Limitations & Future Work

  • The decay kernel is fixed as an exponential form; in practice, \(\lambda\) may need to vary across task stages.
  • Exponential decay trends toward zero over time, potentially failing to fully capture the lasting influence of previously learned representations.
  • Non-parametric or adaptive temporal modeling forms are not explored.
  • Experiments are conducted only on medium-scale datasets (100 classes); large-scale scenarios remain to be validated.

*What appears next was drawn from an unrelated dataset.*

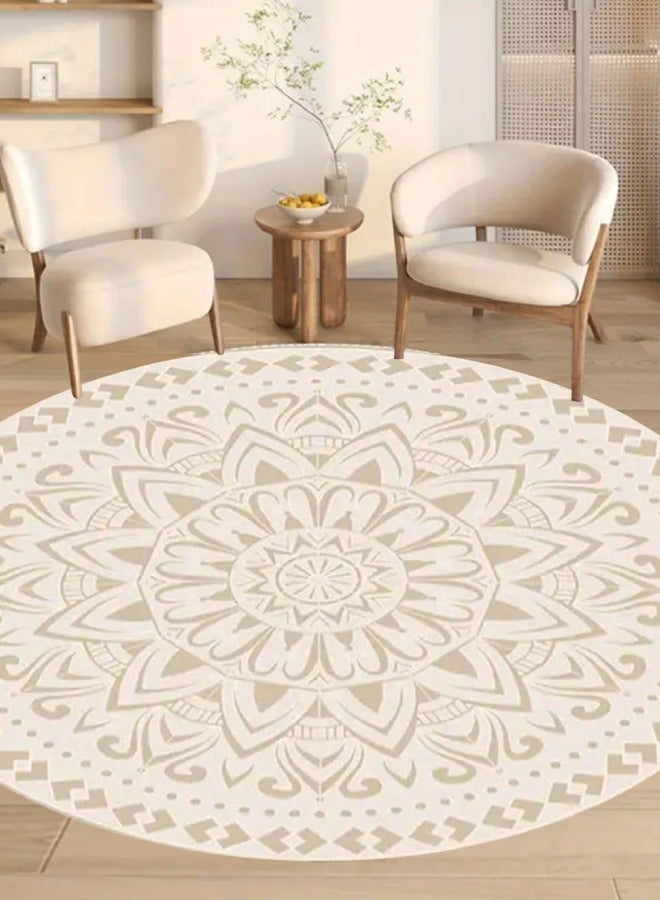 Mandala Round Rug for Living Room Bedroom Dining Kitchen Table Entryway Foyer Thin Washable Circle Area Rug Retro Home Office Circular Carpet Beige 160×160cm - Image 5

  • CIL prediction bias correction: Balanced Fine-tuning [49], iCaRL prototype classifier [29], Weight Alignment [50]—all limited to classification head corrections.
  • Temporal modeling: Exponential smoothing (Holt-Winters), Eligibility Traces / TD(\(\lambda\)) in reinforcement learning [37], ADWIN in online learning [4]—all share the intuition that recent data should carry greater weight, but none are applied to CIL loss design.

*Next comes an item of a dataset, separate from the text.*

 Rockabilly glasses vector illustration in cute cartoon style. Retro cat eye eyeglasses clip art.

  • Dynamic architecture methods: DER [50], MEMO [55], TagFex [52]—expand network capacity to accommodate new tasks; TAL serves as an orthogonal complement to these approaches.

Rating

  • Novelty: ⭐⭐⭐⭐ — The temporal imbalance perspective is original and theoretically grounded.
  • Experimental Thoroughness: ⭐⭐⭐⭐ — Comprehensive validation across multiple baselines and datasets with well-designed ablations.
  • Writing Quality: ⭐⭐⭐⭐ — Logical flow from problem formulation to method derivation, with intuitive illustrations.
  • Value: ⭐⭐⭐⭐ — Strong practical utility due to plug-and-play nature; the novel perspective can inspire future research.